### What you will do:
Exact copies of all entries are needed. Pictures are to be left out.

### Short text fragments from websites:
[Start of Attachment]

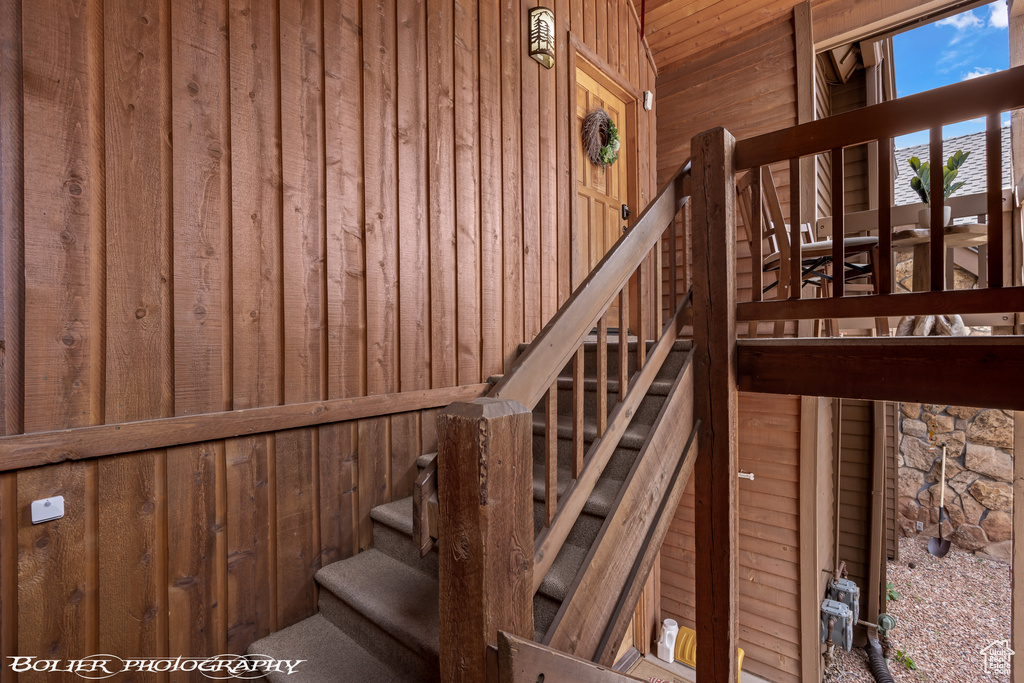 Stairs featuring wooden walls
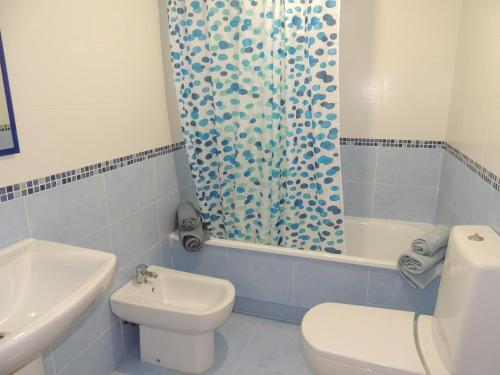 Foto de una habitación de Apartamento cómodo y familiar en Ribeira
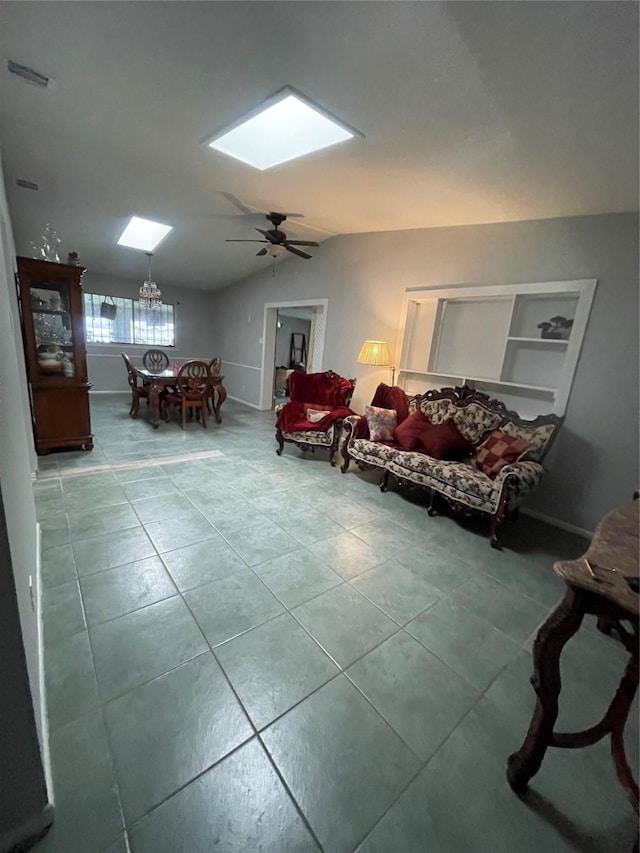 4514 Wyoming St, Dallas, TX 75211 - living room featuring a skylight, tile patterned floors, vaulted ceiling, a ceiling fan, and built in shelves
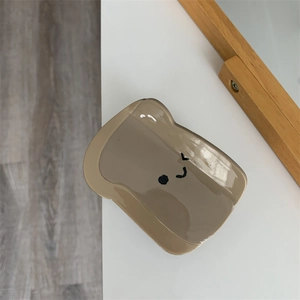 Dettaglio di un fermaglio per capelli a forma di toast marrone con un viso sorridente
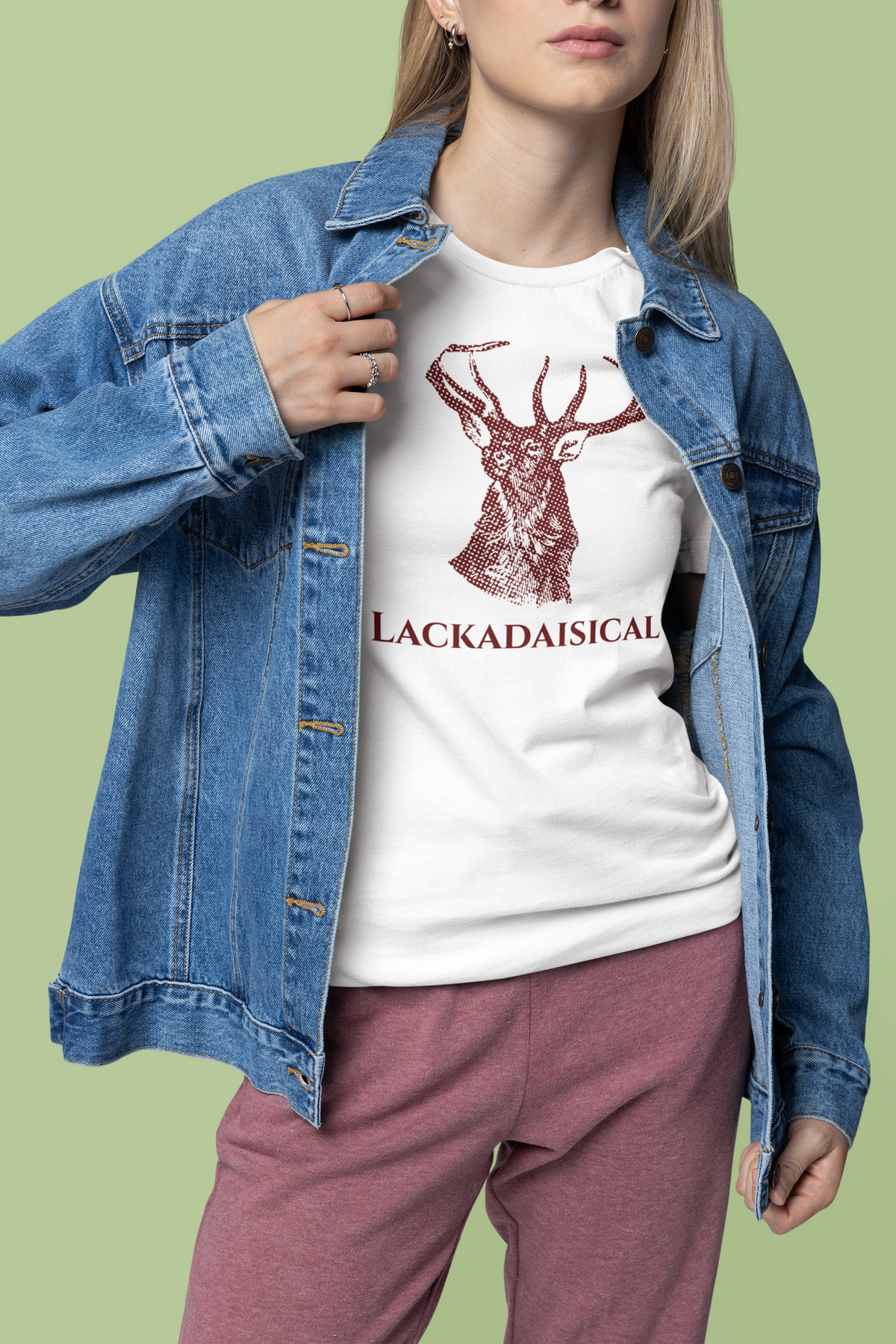 'Lackadaisical' stag deer t-shirt in white, woman in denim jacket wearing it, funny nature pun gift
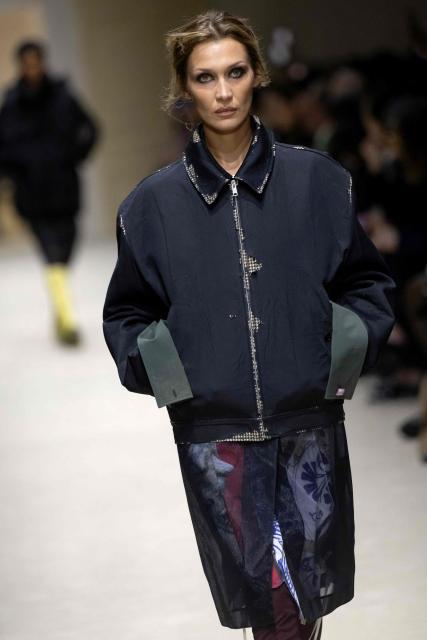 US model Bella Hadid presents a creation of the Prada collection during the Milan Fashion Week Womens-Mens collection Fall-Winter 2026-2027, in Milan on February 26, 2026. (Photo by MIGUEL MEDINA / AFP)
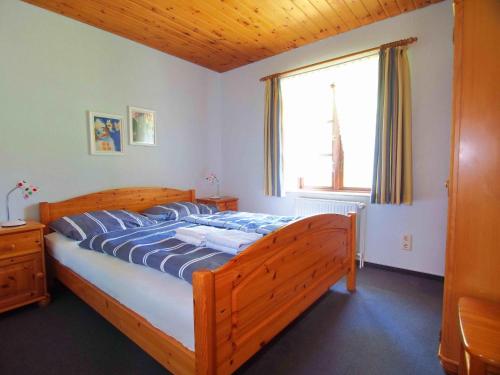 a bedroom with a wooden bed with a large window at Gaestehaus-Bruhn-1 in Alkersum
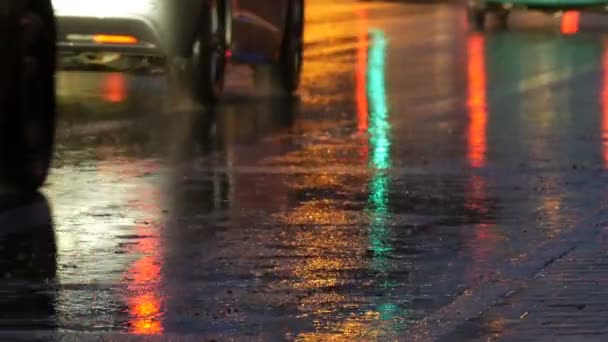 Coches en el tráfico, faros en la lluvia sobre asfalto, vista abajo. La lluvia golpea los charcos por la noche. Reflejo de luces de coches — Vídeo de stock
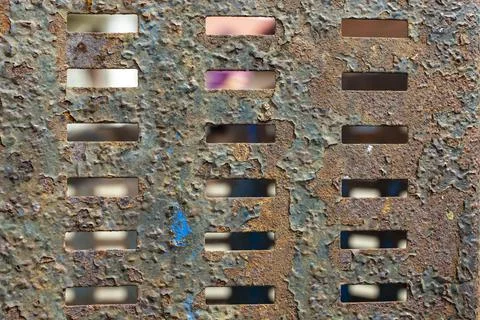 Rusty metal sheet with rectangular holes pattern. Stock Photos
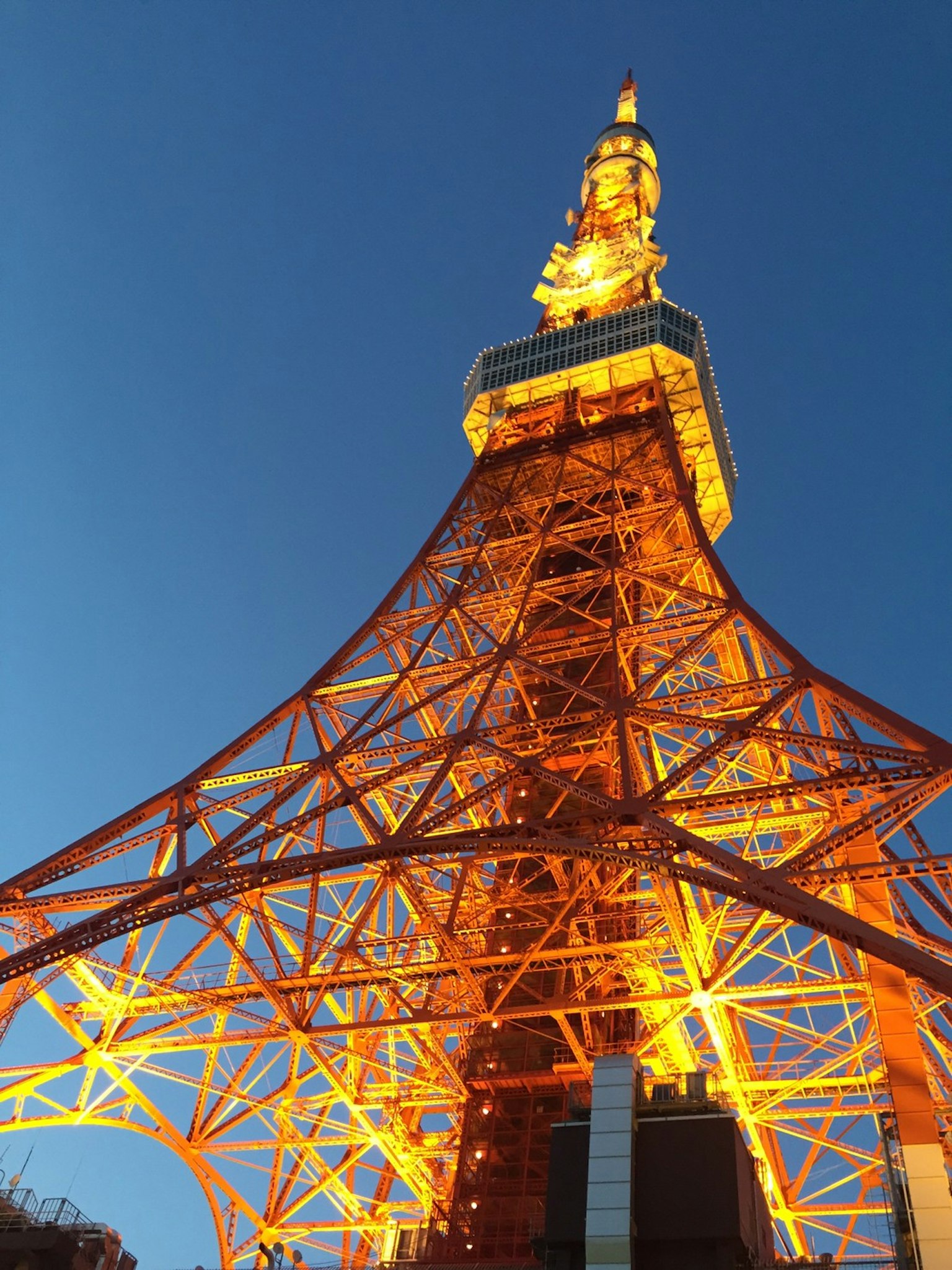 東京塔夜景，橙色閃耀的鋼鐵結構，藍色天空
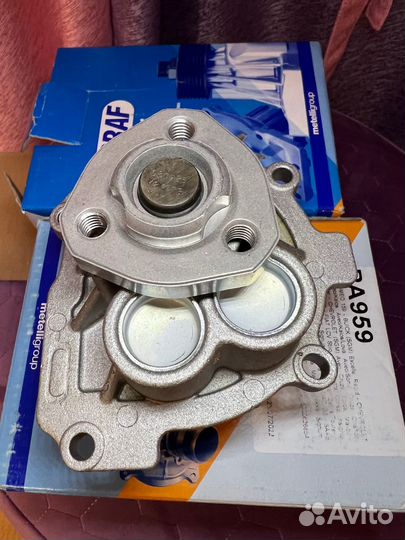 Помпа opel астра H J Cruze Vectra Aveo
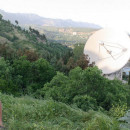 Smiling naked teen near giant radio telescope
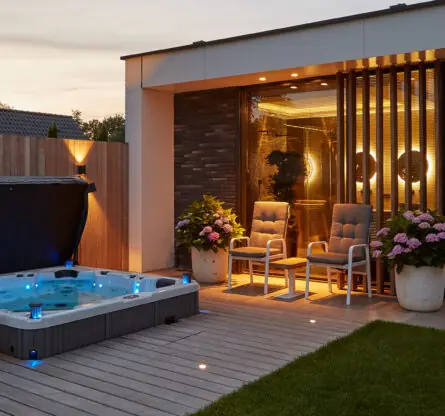 Stijlvol huis met sfeervol verlichte ingebouwde jacuzzi bij schemering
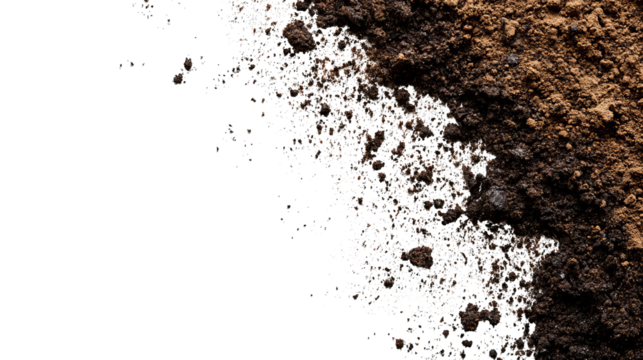 Close-up shot showing a pile of dark brown earth against a solid black background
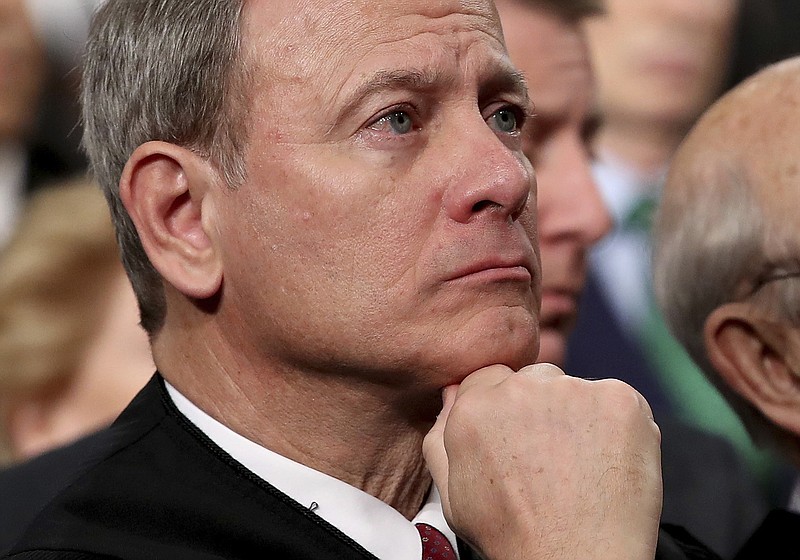 In this Tuesday, Jan. 30, 2018 file photo, U.S. Supreme Court Chief Justice John Roberts listens as President Donald Trump delivers his first State of the Union address in the House chamber of the U.S. Capitol to a joint session of Congress Tuesday in Washington. (Win McNamee/Pool via AP)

[End of Attachment]

### Final answer:
 Stairs featuring wooden walls
 Foto de una habitación de Apartamento cómodo y familiar en Ribeira
 4514 Wyoming St, Dallas, TX 75211 - living room featuring a skylight, tile patterned floors, vaulted ceiling, a ceiling fan, and built in shelves
 Dettaglio di un fermaglio per capelli a forma di toast marrone con un viso sorridente
 'Lackadaisical' stag deer t-shirt in white, woman in denim jacket wearing it, funny nature pun gift
 US model Bella Hadid presents a creation of the Prada collection during the Milan Fashion Week Womens-Mens collection Fall-Winter 2026-2027, in Milan on February 26, 2026. (Photo by MIGUEL MEDINA / AFP)
 a bedroom with a wooden bed with a large window at Gaestehaus-Bruhn-1 in Alkersum
 Coches en el tráfico, faros en la lluvia sobre asfalto, vista abajo. La lluvia golpea los charcos por la noche. Reflejo de luces de coches — Vídeo de stock
 Rusty metal sheet with rectangular holes pattern. Stock Photos
 東京塔夜景，橙色閃耀的鋼鐵結構，藍色天空
 Помпа opel астра H J Cruze Vectra Aveo
 Smiling naked teen near giant radio telescope
 Stijlvol huis met sfeervol verlichte ingebouwde jacuzzi bij schemering
 Close-up shot showing a pile of dark brown earth against a solid black background
 In this Tuesday, Jan. 30, 2018 file photo, U.S. Supreme Court Chief Justice John Roberts listens as President Donald Trump delivers his first State of the Union address in the House chamber of the U.S. Capitol to a joint session of Congress Tuesday in Washington. (Win McNamee/Pool via AP)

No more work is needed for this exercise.